Council Backs Off CTC Blame

Denials Conflict with Previous Statements

WINNSBORO – After passing during their June 8 meeting a 2015-2016 budget that included a road maintenance fee of $5 annually for private vehicles and $10 annually for commercial vehicles, County Council Monday night backed away from statements made during their budget work session process that pinned the necessity of the fee on the County Transportation Committee (CTC).

“The CTC did not ask the County to implement a road maintenance fee. And based on that, no one should conclude that the CTC is to blame,” Milton Pope, Interim County Administrator, told Council Monday night during his report.

Pope said there had been “some suggestions that Council had mentioned that it went through its process of approval by the insistence of the CTC, or because they required us to do that.” Quoting from a June 5 article in The Voice (“Road Fee Stays in Budget”), Pope read, “Talk of the fee first surfaced at the May 7 budget work session and came at a suggestion of the County Transportation Committee.”

Instead, Pope said, the CTC asked the County last winter to set aside a fund to provide maintenance for County improved roads.

“I took the information from that particular meeting to our retreat, which was in February,” Pope said, “and it appeared as though there was consensus that that fee should be included in the recommended budget.”

Chairwoman Carolyn Robinson (District 2) drove the point home during her County Council Time comments near the close of the meeting.

“I want it to be heard that never once did I say that the CTC told us how to put a fee together,” Robinson said. “I did say that the CTC told us that we needed to have something sitting aside, which will equate to like $123,000. . . . Never once did I say that they told us how to do this.”

Monday’s comments back away from statements made during budget work sessions, during which Pope and Robinson make it abundantly clear that were it not for the CTC there would be no road maintenance fee.

At a May 7 work session, when the fee was first discussed in public, Pope said, “When we met with the CTC, they mentioned to us we needed to look at providing maintenance dollars for County improved roads.” And during a May 26 work session, Pope said, “The fee was something that came about primarily after the CTC meeting we had and we were asked to invest and create some kind of fund.”

During a June 1 work session, Robinson placed the blame for the fee squarely at the feet of the CTC and the State Legislature.
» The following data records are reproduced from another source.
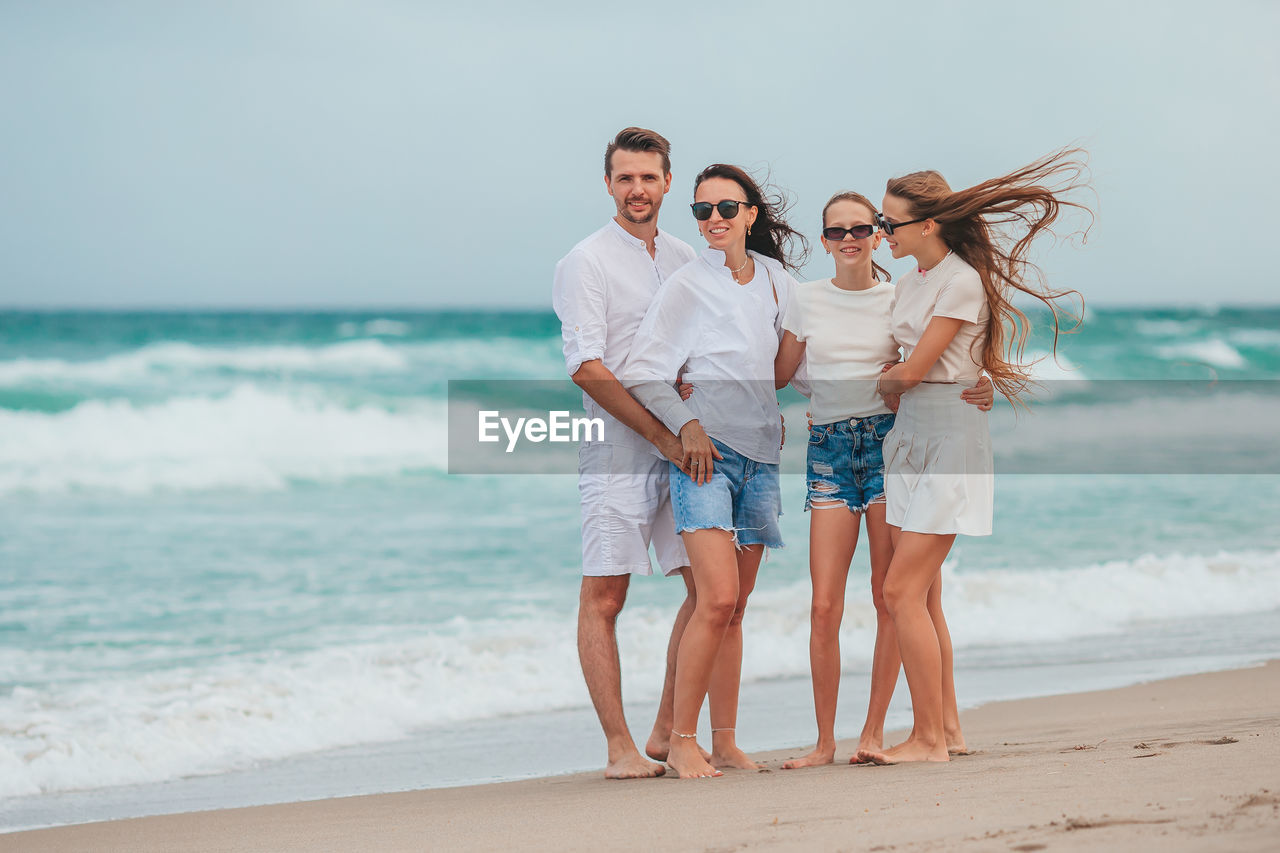 full length of friends standing at beach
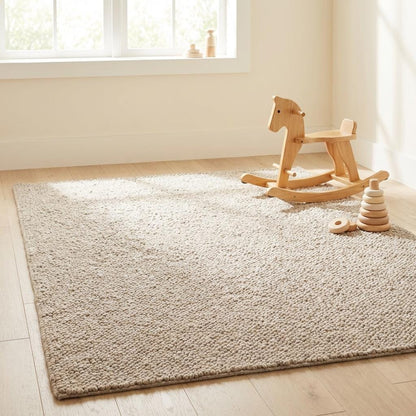 Handwoven chunky wool loop rug in neutral beige with thick, textured fibers for cozy minimalist Scandinavian home decor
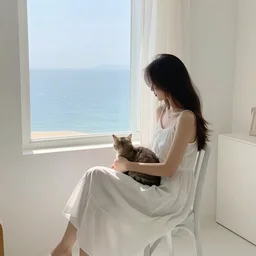 a woman in a white dress sitting on chair and a cat on her lap in a white room in vanice, there is a window to the sea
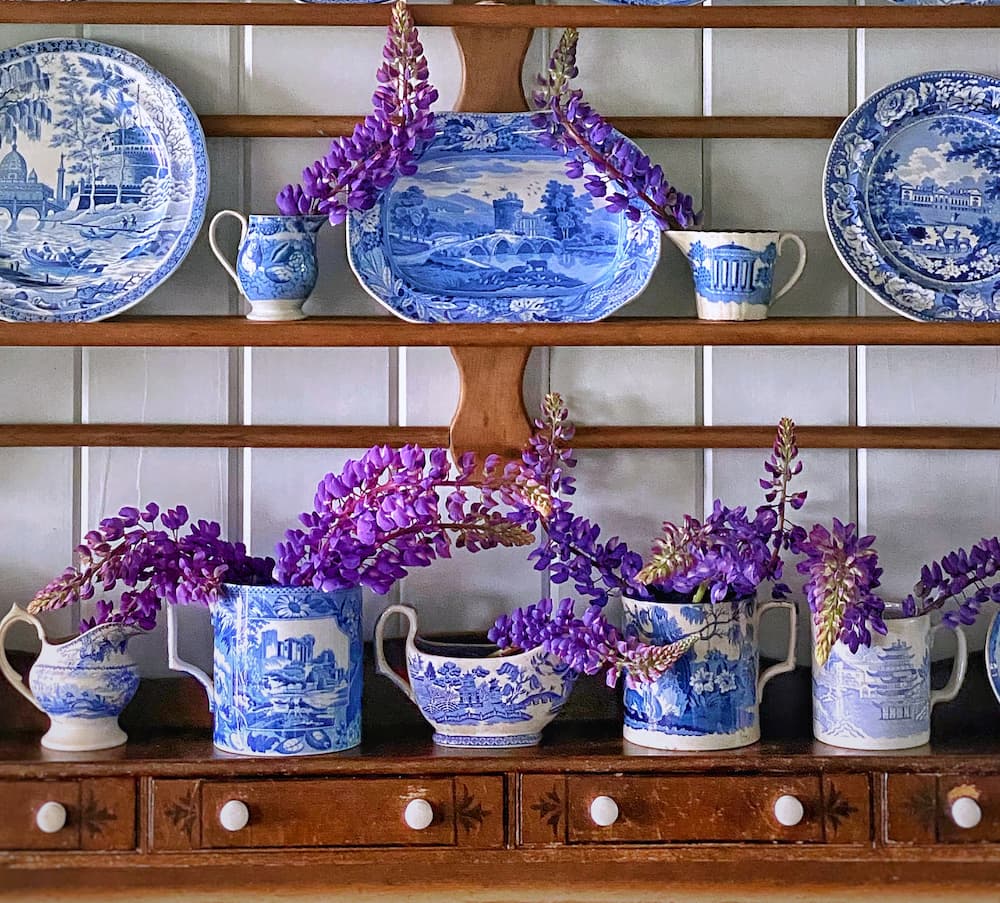 Blue and white dishes with lupine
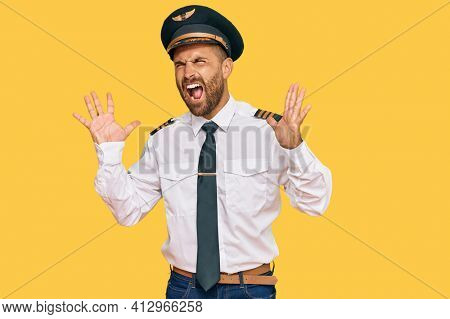 Handsome man with beard wearing airplane pilot uniform celebrating mad and crazy for success with arms raised and closed eyes screaming excited. winner concept 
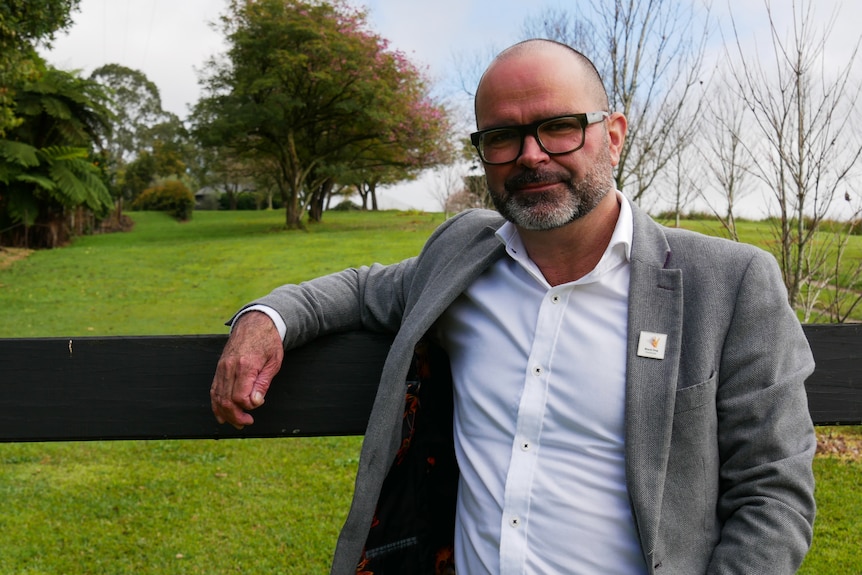 Samuel Harvey leans on wooden fence, green paddock with bushy trees behind him. 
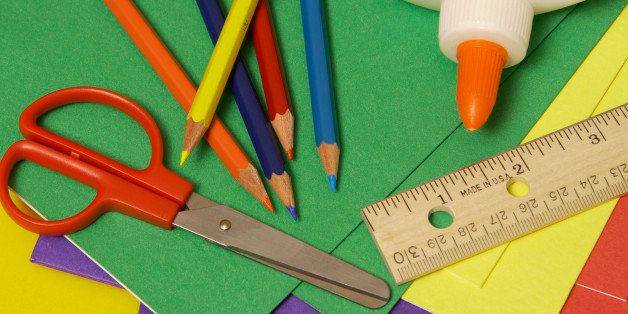 A close-up of paper, glue, colored pencils, scissors, and a ruler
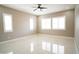 Bright bedroom with tile floors, recessed lighting, and white shuttered windows at 1800 N 156Th Dr, Goodyear, AZ 85395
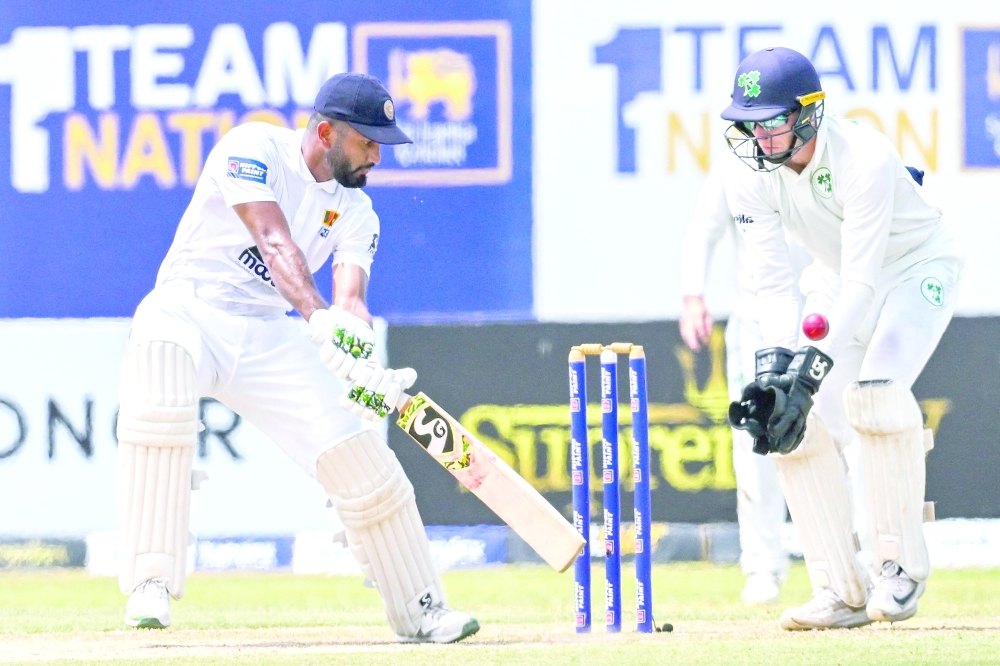 Sri Lanka's Dimuth Karunaratne (L) plays a shot as Ireland's Lorcan Tucker watches during third day of the second and final cricket Test match between Sri Lanka and Ireland at the Galle International Cricket Stadium in Galle on April 26, 2023. (Photo by Ishara S. KODIKARA / AFP)

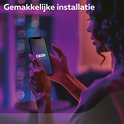 Een vrouw die een smartphone vasthoudt met het Calex Smart Home logo, op paarse achtergrond.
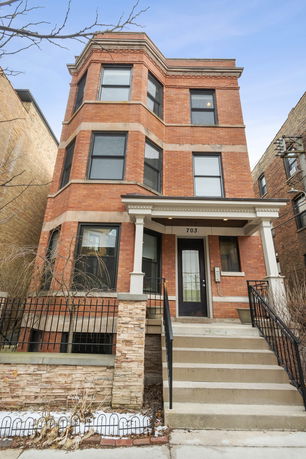 Front view of a three-story brick townhouse with a small porch and black railings.
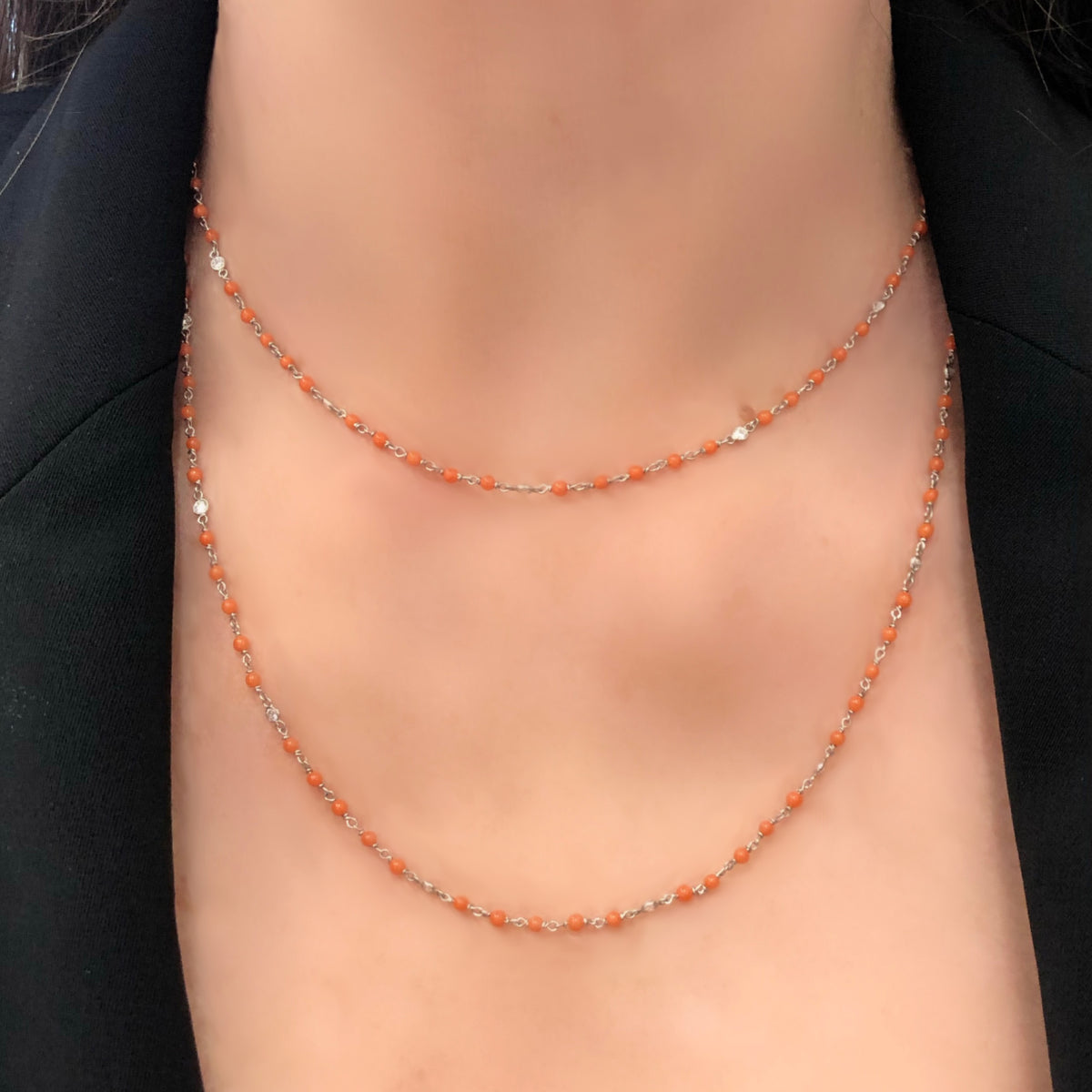 Rosaria-Varra-handmade-platinum-diamond-and-coral-bead-opera-necklace-model-2-view-2000x2000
Road maintenance falling on counties, she said, was another example of “unfunded mandates” passed down from the state. The CTC, she said, is appointed by the local Legislative Delegation and receives its funding through the state’s gasoline tax.

“We’ve been told there was no more money to go back and resurface any of the roads that have already had surfacing on them in seven years,” Robinson said on June 1. “Guess who’s the closets person who’s going to hear the complaints about these resurfaced roads: County Council. And our hands are tied, there’s nothing with which to do those roads.”

Removing all doubt about whom she felt, at least on June 1, was responsible for the necessity of the road maintenance fee, Robinson said, “Ultimately this is a state mandate to us through the CTC Director.”